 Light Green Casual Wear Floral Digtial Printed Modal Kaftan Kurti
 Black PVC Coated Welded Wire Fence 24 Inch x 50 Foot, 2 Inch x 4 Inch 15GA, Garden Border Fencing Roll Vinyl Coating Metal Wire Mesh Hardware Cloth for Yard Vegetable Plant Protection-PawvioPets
+++
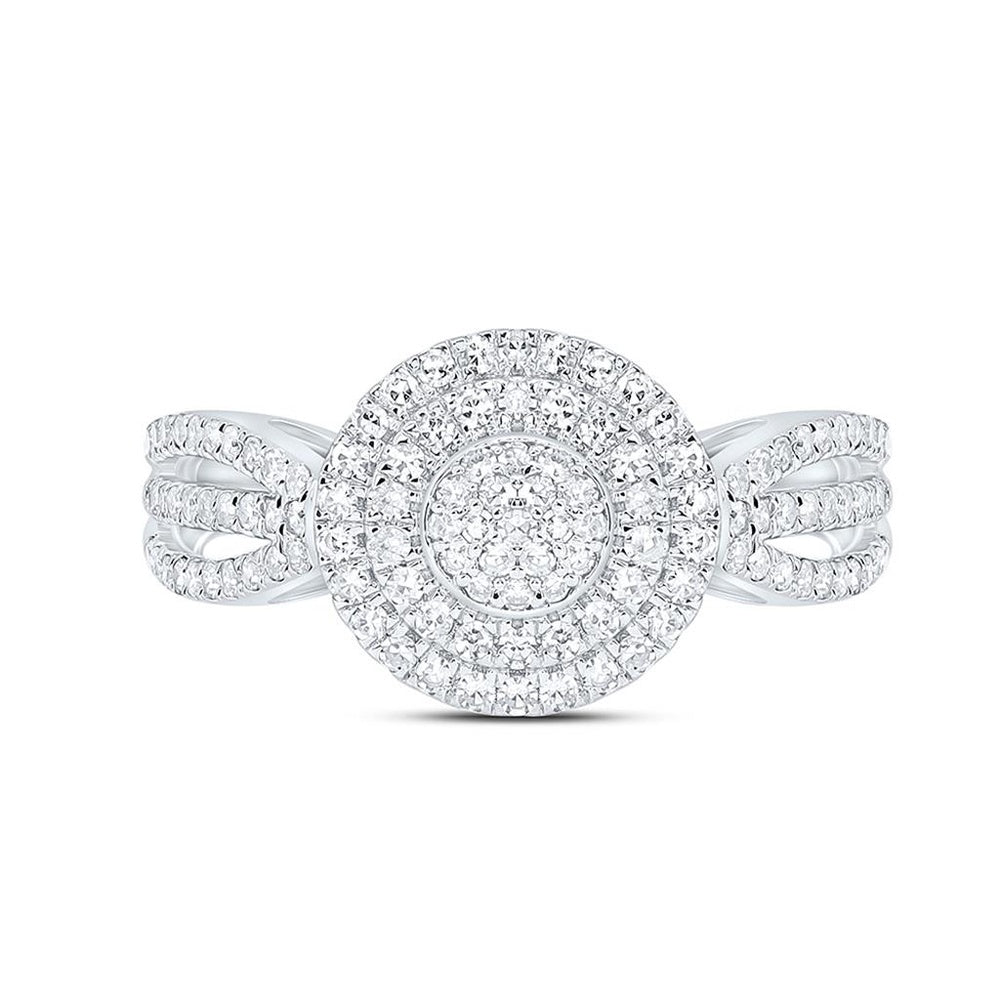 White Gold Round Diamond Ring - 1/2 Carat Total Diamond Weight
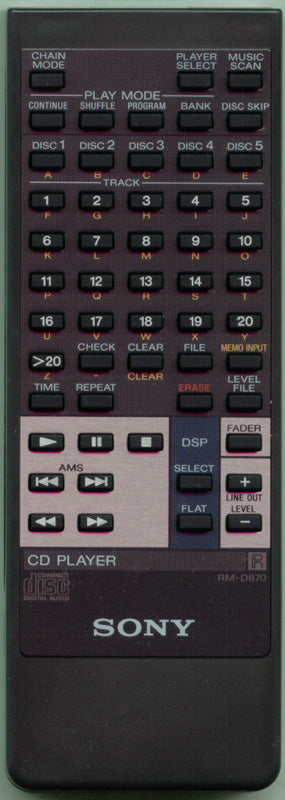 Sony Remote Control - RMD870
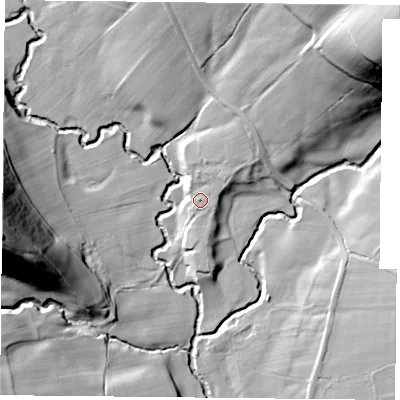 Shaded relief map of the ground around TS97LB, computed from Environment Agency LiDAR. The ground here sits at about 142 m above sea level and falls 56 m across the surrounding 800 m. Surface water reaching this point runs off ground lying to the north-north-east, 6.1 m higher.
+++
* _WHAT IS EXPECTED_:
A word-for-word copy of the lines above from the one with "Light Green Casual" through the one with "Black PVC Coated", inclusive, is the only output wanted.

* _EXERCISE ANSWER_:
 Light Green Casual Wear Floral Digtial Printed Modal Kaftan Kurti
 Black PVC Coated Welded Wire Fence 24 Inch x 50 Foot, 2 Inch x 4 Inch 15GA, Garden Border Fencing Roll Vinyl Coating Metal Wire Mesh Hardware Cloth for Yard Vegetable Plant Protection-PawvioPets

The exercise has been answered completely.